Fintech newcomer Bread rises to the occasion reports that Bread has raised $126 million in an effort to fund big online purchases. The idea behind Bread is about online shopping. When consumers buy products online, the most commonly used method of payment is the conventional credit card. If it´s a larger purchase, consumers will usually pay the debt off over time, being charged interest for using their credit card.

Bread aims to get consumers to ditch their credit cards for a loan that has a lower interest rate and more predictable monthly payments. Bread raised it´s capital after a series B funding round. The boost in capital will help Bread get more online retailers on board with their funding plan.

The company was founded in 2014 in New York with the aim of providing funding solutions for companies who wish to supply more financing options to it´s customers. The reason why people would want to invest in this technology is simple: if people can pay for things over time, they are more likely to buy more things and at a higher price.

Healthy competition in the marketplace has seen that other companies are racing to provide similar services. Affirm, PayPal Credit, and Klarna are trying to offer finance on big-ticket items online. The difference with Bread is that they are trying to provide a more customisable finance option, dealing more directly with the brands, allowing them to use their own branding, rather than a third party. This is an effort to replace private-label credit cards that aim to build loyalty, such as Macy´s or Tiffany´s.

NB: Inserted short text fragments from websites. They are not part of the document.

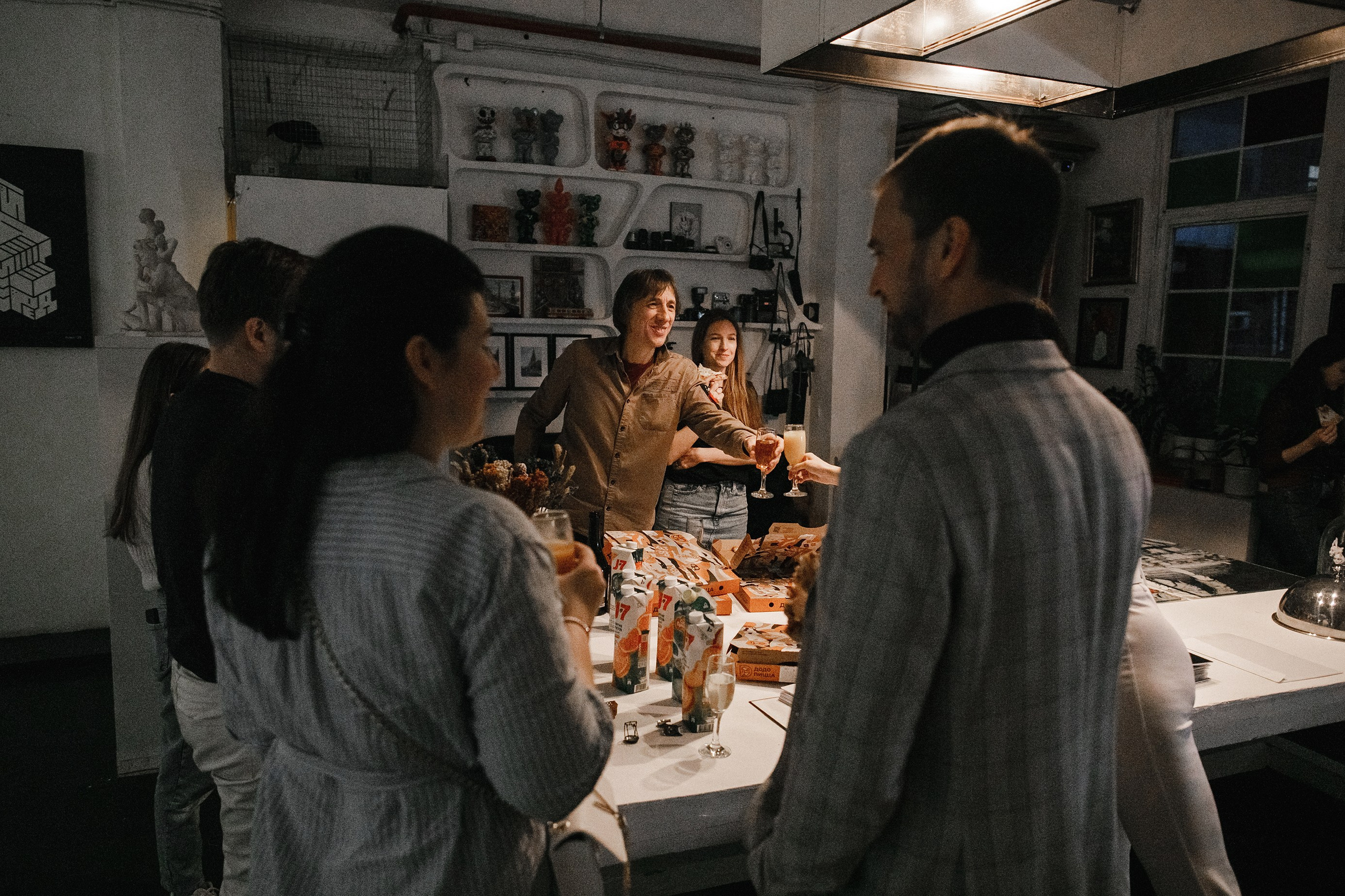 26.04.2023 // Мастер-класс Кати Монич. Фотовыставки serebro.gallery, в которых автором можешь стать ты! | Москва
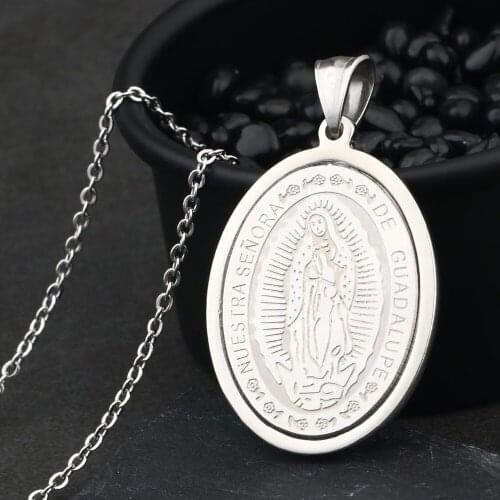 Oval Shape Inscribed Pendant Stainless Steel Light Necklaces for Men Women Link Chain Jewelry Silver Color Human Christian MN130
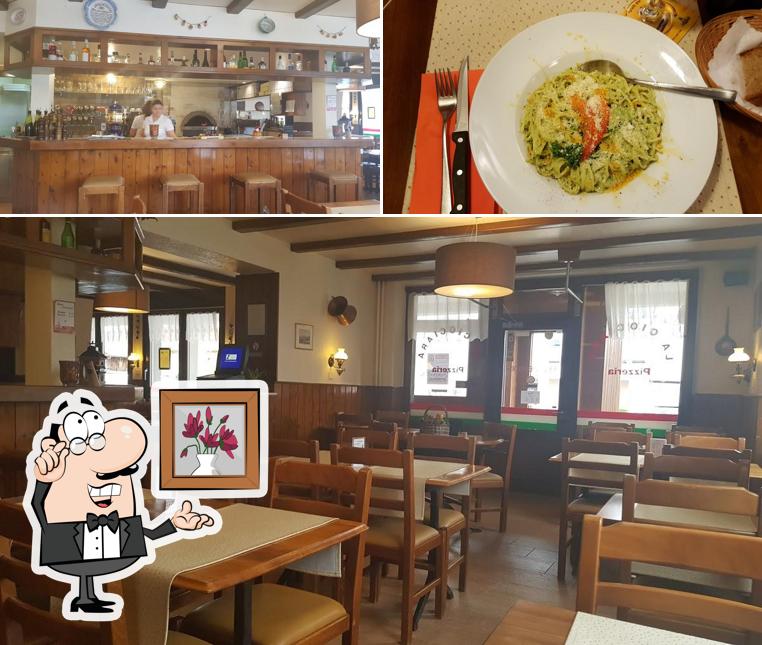 La Ciociara pizzeria si caratterizza per la interni e cibo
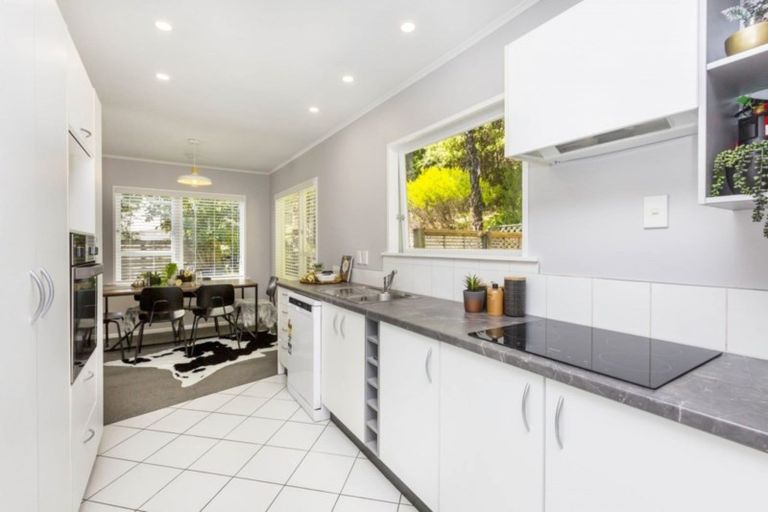 Photo of property in 54 Ngahere Street, Stokes Valley, Lower Hutt, 5019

Bread co-founder and CEO Josh Abramowitz says “Private-label solutions were built for an earlier era. It’s quite striking that 20 years into the internet revolution so much of the core of banking has not yet changed.”

How it will work for retailers

The main aim with this technology is to give people a chance to make purchases and not have to deal with often expensive credit card rates. Retailers can choose their repayment parameters. They can set their interest rate from 0% to 29.99% and repayment times from 3 months to 48 months.